Below are the entries. Print only the lines starting at the one with "Kene tehdidine dikkat: 200’den" and ending at the one with "Pure Typhoon Inwall", exactly, with no pictures.

* The records *
::::::

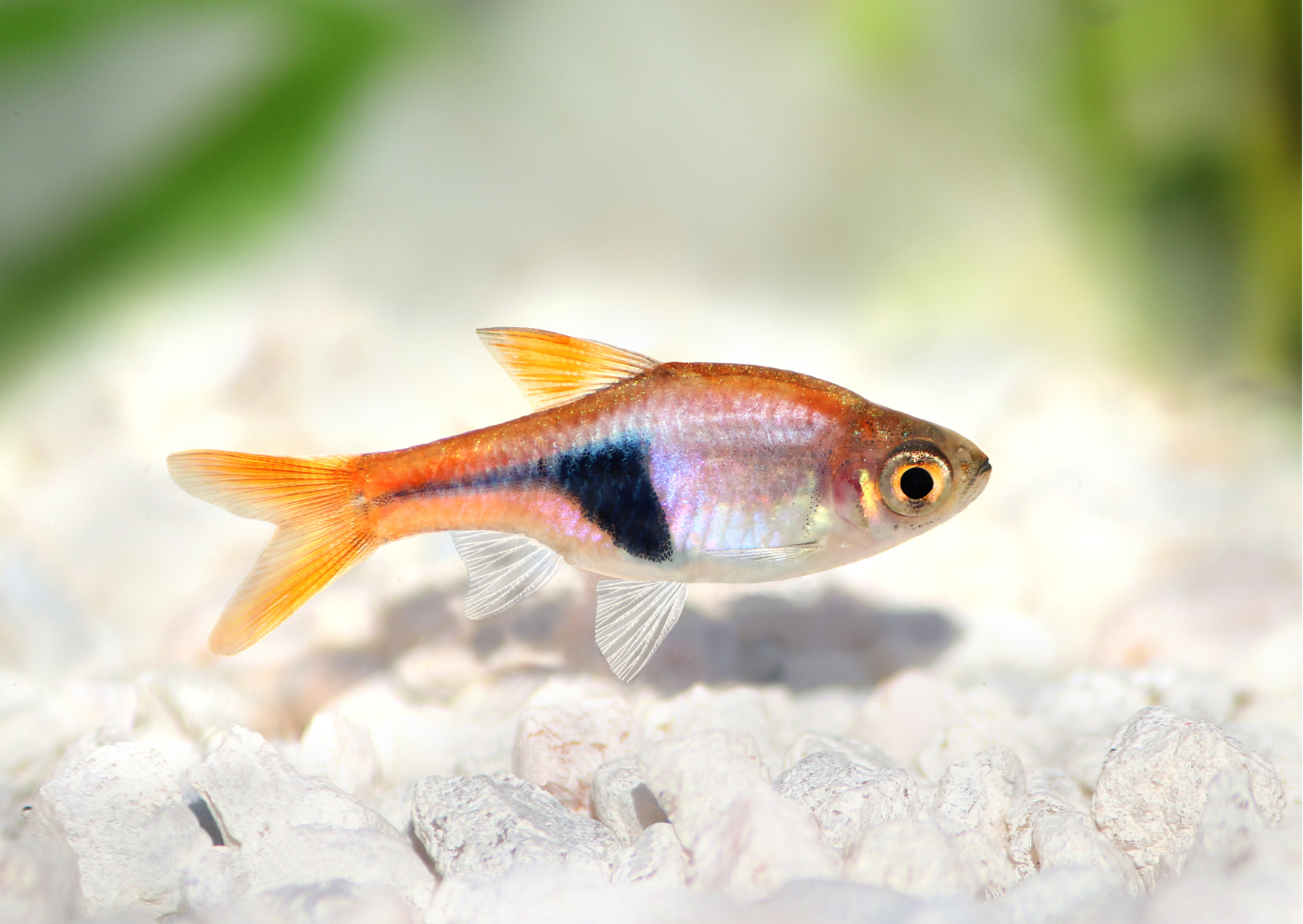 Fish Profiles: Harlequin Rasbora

::::::

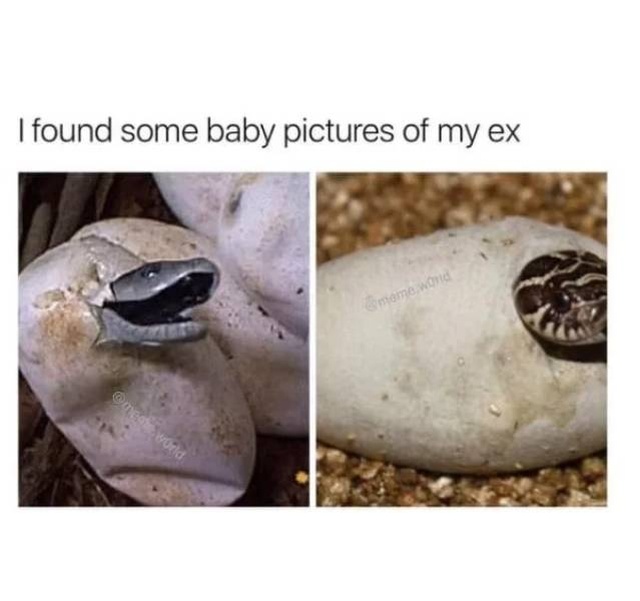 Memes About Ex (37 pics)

::::::

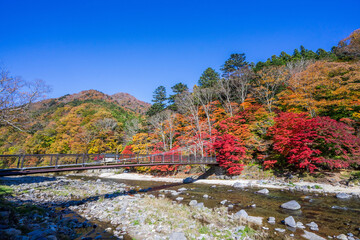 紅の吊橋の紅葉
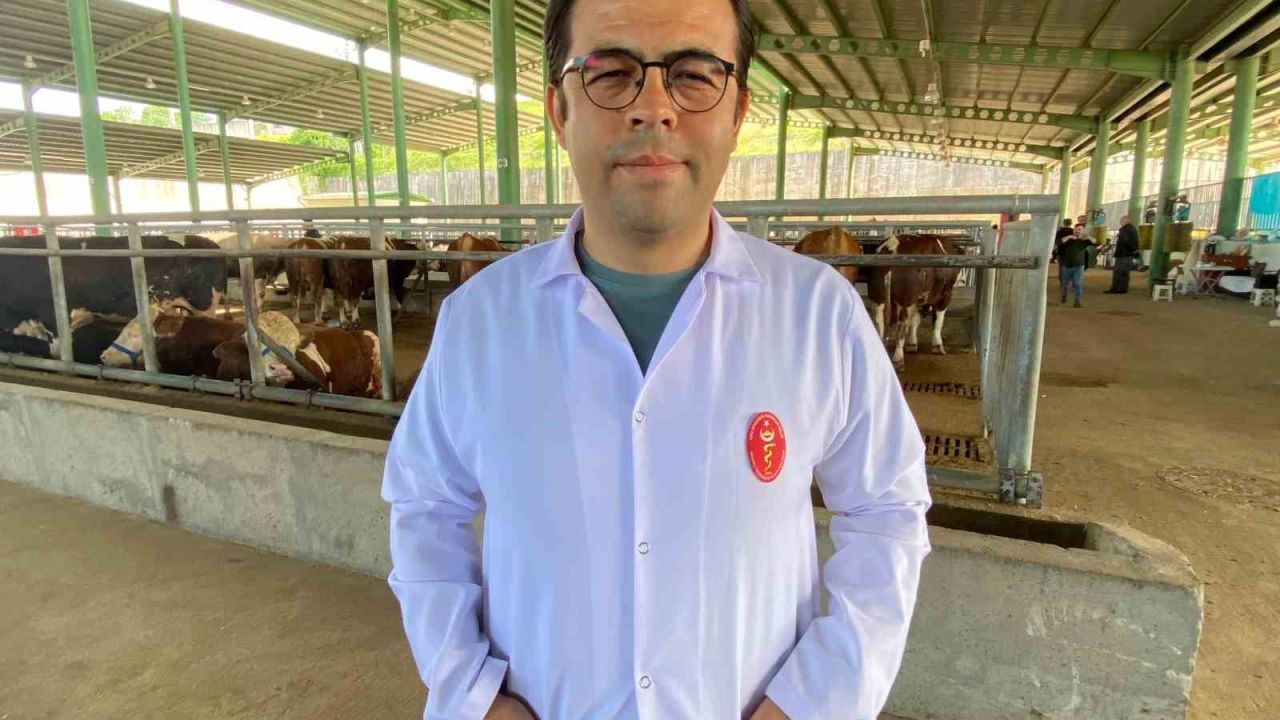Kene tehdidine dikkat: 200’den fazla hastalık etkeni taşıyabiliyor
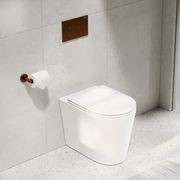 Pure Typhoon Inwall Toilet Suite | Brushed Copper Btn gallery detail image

::::::

* Output below *
Kene tehdidine dikkat: 200’den fazla hastalık etkeni taşıyabiliyor
 Pure Typhoon Inwall Toilet Suite | Brushed Copper Btn gallery detail image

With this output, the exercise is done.